This flowering field is their poker table.

What is missing in this picture is the crop that should rightfully be growing in this season.  Ragi.  
An economist will argue, from his armchair, that this is the way markets work.  I will argue, in turn, that he, like most armchair economists, should go to hell. I am a hobby economist, so I guess I can pass judgement without indicting myself.

The story is familiar: the price of ragi collapsed at the time of harvest this January and has inched back to about Rs 25 a kilo.  At that price, the few farmers who grow an acre of ragi will make a return of around Rs 8000 in six months – the family pitches in with labour (that is not added in the calc) and the male farmer spends two cold winter months guarding the crop at night from a machan on a tree (which is why we have some big trees left), for elephants and wild boar will visit with food on their mind.  
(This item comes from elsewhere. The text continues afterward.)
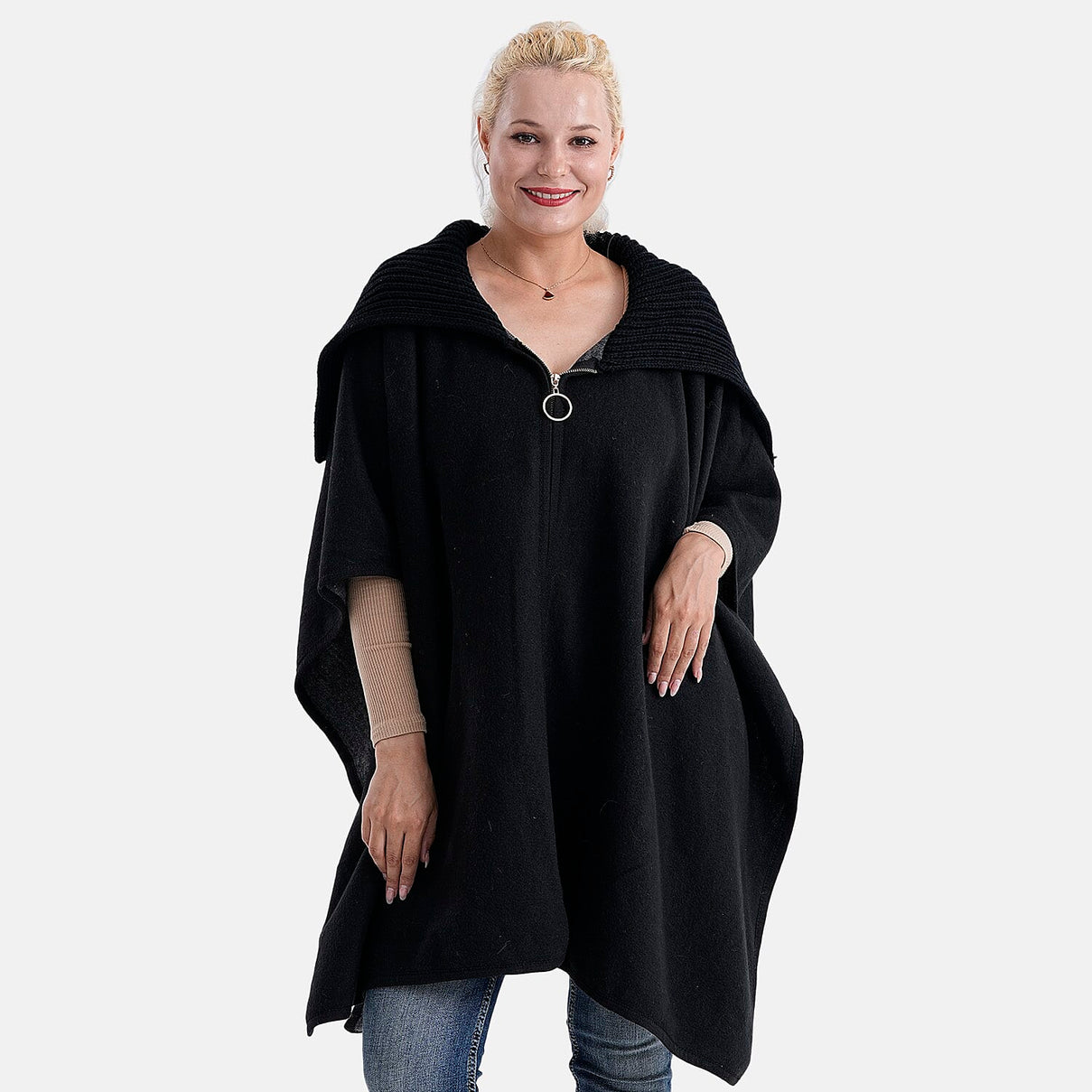 La Marey Zippered Poncho (One Size) - Black 8204602 1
The Minimum Support Price for ragi is close to Rs 34 a kilo, but the TN Government has never bought ragi from farmers.  Never.

So, these farmers – call them the Last Resistance - grow ragi for their daily mudde, and for the stalk that is fed to cattle: milk provides them their weekly cash flow and insurance. The surplus ragi – heaps of it – is sold to middlemen, often to repay a debt.  
Ragi is a perfect crop: hardy, with minimal irrigation needs, no pesticide and sparse fertiliser, if any.  As nutrition, it cannot get better.  Much of this is true for all our millets, each of which is now, in the hyperbolic symbolism used by modern day dieticians, a Super-Food.

Try telling a farmer this, when he gets twenty five bucks a kilo. 
.…and, oh, lest I forget, on Flipkart, ragi flour sells for between Rs 90 and Rs 200 a kilo.

Make a difference: buy ragi from the family that grows it or a farmers’ collective, at market price.  
And do take their photo, for they are heroes, no less.